Please write out the listing beneath this sentence exactly, from its first line to the line with "34pcs Montessori Colorful Building Blocks", and stop there.
(Provided information begins)
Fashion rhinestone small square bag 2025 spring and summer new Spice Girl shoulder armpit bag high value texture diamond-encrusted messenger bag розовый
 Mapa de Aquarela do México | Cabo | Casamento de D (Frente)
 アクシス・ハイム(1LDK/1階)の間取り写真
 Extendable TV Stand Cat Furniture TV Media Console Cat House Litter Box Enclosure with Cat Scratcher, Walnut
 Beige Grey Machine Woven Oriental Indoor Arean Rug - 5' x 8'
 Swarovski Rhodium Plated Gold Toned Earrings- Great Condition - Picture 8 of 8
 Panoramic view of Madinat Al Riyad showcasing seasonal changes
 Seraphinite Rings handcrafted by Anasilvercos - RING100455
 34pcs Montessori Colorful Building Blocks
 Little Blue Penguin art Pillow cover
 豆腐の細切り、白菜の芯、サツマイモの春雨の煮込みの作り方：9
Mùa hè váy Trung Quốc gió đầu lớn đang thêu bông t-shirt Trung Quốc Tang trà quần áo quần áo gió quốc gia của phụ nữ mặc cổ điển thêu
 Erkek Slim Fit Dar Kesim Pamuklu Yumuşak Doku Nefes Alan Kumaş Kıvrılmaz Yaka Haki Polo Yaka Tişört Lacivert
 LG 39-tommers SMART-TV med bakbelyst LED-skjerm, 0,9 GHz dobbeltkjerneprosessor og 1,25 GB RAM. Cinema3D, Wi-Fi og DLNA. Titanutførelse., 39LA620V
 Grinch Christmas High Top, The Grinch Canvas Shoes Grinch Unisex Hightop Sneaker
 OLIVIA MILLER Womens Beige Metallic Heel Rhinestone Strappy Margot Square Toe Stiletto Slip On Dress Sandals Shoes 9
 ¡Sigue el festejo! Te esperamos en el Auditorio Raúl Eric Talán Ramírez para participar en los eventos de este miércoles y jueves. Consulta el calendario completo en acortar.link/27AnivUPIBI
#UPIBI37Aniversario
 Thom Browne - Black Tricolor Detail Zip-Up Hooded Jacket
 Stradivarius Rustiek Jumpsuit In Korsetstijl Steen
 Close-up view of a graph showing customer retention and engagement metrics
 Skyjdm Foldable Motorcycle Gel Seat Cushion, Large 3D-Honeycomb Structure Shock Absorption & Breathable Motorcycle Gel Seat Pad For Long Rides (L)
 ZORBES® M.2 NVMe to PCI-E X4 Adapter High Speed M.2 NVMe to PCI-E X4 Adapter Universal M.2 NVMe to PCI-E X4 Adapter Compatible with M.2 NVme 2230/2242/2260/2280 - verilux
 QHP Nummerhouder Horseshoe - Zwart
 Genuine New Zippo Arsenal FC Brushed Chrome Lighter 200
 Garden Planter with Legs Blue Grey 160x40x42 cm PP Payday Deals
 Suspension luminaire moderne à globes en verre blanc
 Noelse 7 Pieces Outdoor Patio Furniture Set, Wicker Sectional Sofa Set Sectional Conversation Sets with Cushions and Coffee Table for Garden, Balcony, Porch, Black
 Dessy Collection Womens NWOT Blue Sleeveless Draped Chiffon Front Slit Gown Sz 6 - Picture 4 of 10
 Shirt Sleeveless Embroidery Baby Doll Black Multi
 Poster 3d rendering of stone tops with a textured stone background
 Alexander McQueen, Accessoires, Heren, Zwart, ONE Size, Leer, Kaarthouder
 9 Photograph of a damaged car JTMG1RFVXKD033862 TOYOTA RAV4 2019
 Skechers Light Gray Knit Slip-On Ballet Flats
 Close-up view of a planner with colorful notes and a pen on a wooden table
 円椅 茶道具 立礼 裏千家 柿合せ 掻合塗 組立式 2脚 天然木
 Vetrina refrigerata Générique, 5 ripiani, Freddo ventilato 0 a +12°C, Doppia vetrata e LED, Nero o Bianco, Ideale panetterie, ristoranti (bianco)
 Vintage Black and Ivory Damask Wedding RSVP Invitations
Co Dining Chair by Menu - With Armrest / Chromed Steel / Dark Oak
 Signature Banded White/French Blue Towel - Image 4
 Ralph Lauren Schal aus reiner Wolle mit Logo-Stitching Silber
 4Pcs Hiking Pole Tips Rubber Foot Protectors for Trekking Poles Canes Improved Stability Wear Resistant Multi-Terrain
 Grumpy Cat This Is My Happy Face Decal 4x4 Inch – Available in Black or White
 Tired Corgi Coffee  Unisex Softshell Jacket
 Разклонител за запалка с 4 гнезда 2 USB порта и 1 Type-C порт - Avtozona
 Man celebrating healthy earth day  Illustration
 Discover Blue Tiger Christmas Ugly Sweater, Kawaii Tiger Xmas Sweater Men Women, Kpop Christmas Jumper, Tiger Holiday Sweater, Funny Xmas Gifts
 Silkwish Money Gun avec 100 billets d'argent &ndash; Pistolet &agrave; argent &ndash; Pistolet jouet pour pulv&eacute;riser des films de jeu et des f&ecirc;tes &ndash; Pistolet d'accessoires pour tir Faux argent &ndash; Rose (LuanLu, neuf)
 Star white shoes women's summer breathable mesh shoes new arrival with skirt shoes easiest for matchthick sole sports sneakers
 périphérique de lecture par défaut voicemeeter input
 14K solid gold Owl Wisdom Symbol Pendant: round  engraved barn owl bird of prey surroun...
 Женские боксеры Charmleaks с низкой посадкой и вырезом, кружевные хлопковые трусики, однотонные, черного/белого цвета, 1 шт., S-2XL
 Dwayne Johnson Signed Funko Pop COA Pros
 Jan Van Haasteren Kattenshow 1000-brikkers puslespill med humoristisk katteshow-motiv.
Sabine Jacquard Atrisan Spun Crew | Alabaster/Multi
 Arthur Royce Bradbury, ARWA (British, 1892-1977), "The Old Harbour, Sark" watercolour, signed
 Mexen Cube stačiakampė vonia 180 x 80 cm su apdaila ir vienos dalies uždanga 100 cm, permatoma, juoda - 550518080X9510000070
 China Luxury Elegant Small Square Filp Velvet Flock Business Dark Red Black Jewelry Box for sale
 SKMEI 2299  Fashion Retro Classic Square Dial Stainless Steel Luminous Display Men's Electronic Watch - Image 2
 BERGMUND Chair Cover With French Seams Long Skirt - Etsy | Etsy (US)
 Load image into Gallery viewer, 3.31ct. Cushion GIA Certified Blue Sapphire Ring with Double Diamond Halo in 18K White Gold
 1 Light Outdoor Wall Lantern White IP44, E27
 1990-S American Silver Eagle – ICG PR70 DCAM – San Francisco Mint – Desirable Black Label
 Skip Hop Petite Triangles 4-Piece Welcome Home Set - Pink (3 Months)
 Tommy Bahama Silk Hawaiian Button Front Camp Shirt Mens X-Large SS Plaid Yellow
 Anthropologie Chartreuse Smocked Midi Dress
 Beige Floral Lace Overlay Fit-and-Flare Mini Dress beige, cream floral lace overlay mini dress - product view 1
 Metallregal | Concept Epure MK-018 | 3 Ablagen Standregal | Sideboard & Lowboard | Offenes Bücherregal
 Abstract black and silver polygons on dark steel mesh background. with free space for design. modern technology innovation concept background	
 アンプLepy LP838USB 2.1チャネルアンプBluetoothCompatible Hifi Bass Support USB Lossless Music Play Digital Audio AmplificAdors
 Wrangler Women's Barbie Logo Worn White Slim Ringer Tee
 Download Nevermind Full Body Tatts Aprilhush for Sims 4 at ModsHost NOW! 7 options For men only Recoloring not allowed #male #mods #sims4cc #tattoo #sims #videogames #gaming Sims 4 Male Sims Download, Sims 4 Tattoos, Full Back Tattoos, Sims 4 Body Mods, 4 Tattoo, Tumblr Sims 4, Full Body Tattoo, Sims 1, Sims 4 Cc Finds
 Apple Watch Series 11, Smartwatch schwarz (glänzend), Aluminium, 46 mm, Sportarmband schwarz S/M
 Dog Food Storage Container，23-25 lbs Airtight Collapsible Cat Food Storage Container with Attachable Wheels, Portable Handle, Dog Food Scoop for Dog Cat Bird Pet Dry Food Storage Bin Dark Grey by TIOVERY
(Provided information ends)
▶ _Reply_:
Fashion rhinestone small square bag 2025 spring and summer new Spice Girl shoulder armpit bag high value texture diamond-encrusted messenger bag розовый
 Mapa de Aquarela do México | Cabo | Casamento de D (Frente)
 アクシス・ハイム(1LDK/1階)の間取り写真
 Extendable TV Stand Cat Furniture TV Media Console Cat House Litter Box Enclosure with Cat Scratcher, Walnut
 Beige Grey Machine Woven Oriental Indoor Arean Rug - 5' x 8'
 Swarovski Rhodium Plated Gold Toned Earrings- Great Condition - Picture 8 of 8
 Panoramic view of Madinat Al Riyad showcasing seasonal changes
 Seraphinite Rings handcrafted by Anasilvercos - RING100455
 34pcs Montessori Colorful Building Blocks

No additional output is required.